EXERCISE AIM → No picture should appear in the copy. Transcribe exactly, and only, the lines from the one with "Fons de Poel" through the last line of the data below.

Brief descriptive captions:
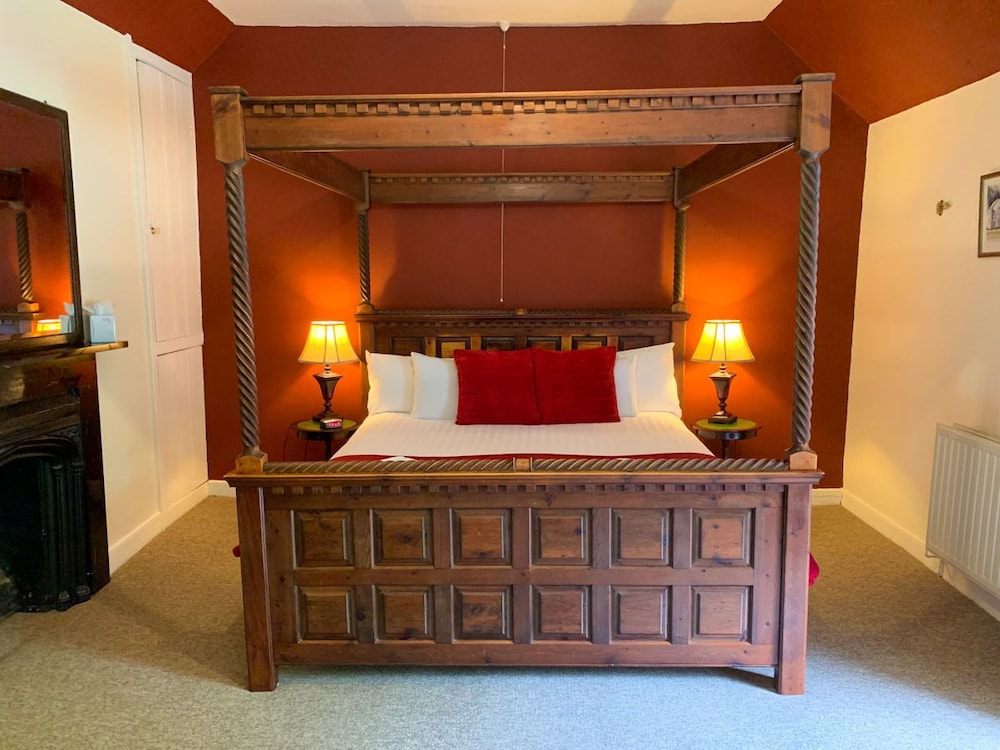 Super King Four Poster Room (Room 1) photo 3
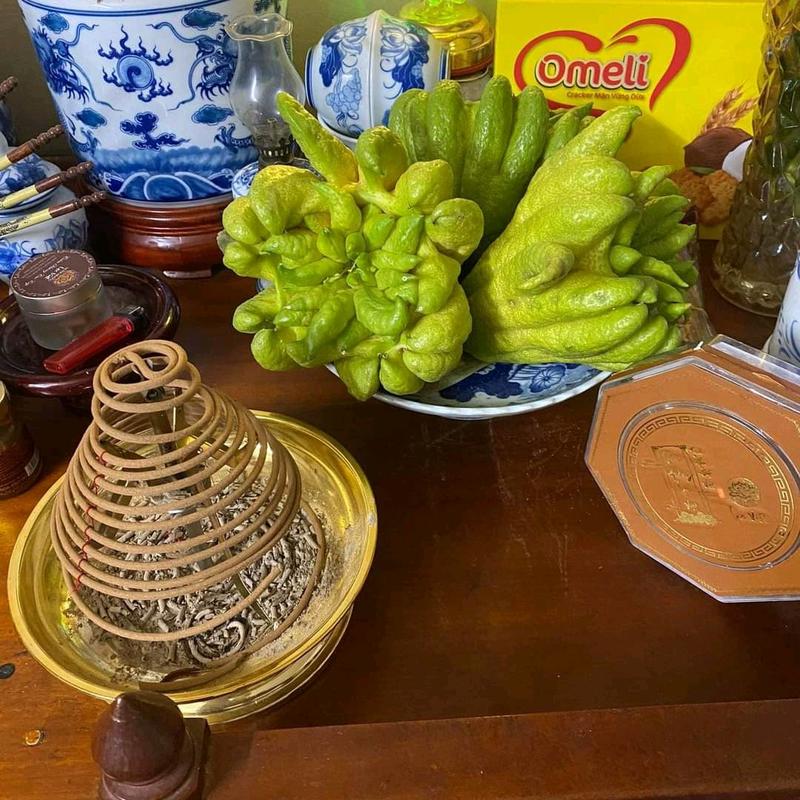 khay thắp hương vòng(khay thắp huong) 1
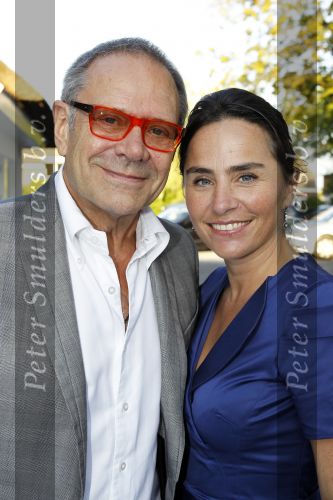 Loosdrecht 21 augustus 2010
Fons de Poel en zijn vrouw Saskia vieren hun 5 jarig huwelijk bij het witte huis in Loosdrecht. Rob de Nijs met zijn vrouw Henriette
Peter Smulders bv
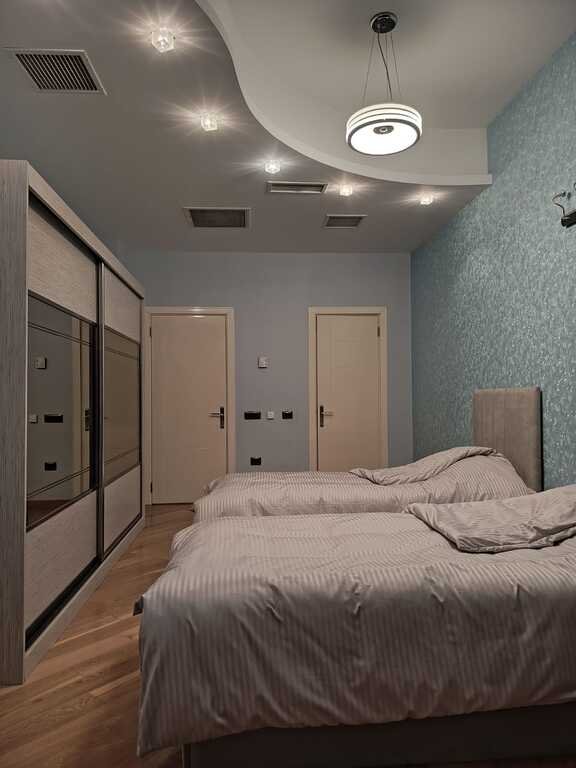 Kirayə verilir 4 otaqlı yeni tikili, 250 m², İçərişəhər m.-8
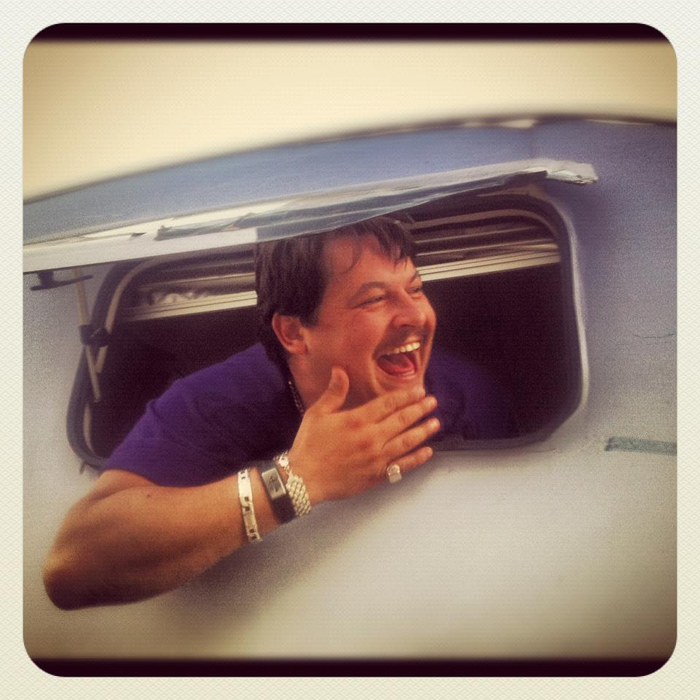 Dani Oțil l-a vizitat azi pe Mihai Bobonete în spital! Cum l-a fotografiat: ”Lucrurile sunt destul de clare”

THE COMPLETED TASK →
Fons de Poel en zijn vrouw Saskia vieren hun 5 jarig huwelijk bij het witte huis in Loosdrecht. Rob de Nijs met zijn vrouw Henriette
Peter Smulders bv
 Kirayə verilir 4 otaqlı yeni tikili, 250 m², İçərişəhər m.-8
 Dani Oțil l-a vizitat azi pe Mihai Bobonete în spital! Cum l-a fotografiat: ”Lucrurile sunt destul de clare”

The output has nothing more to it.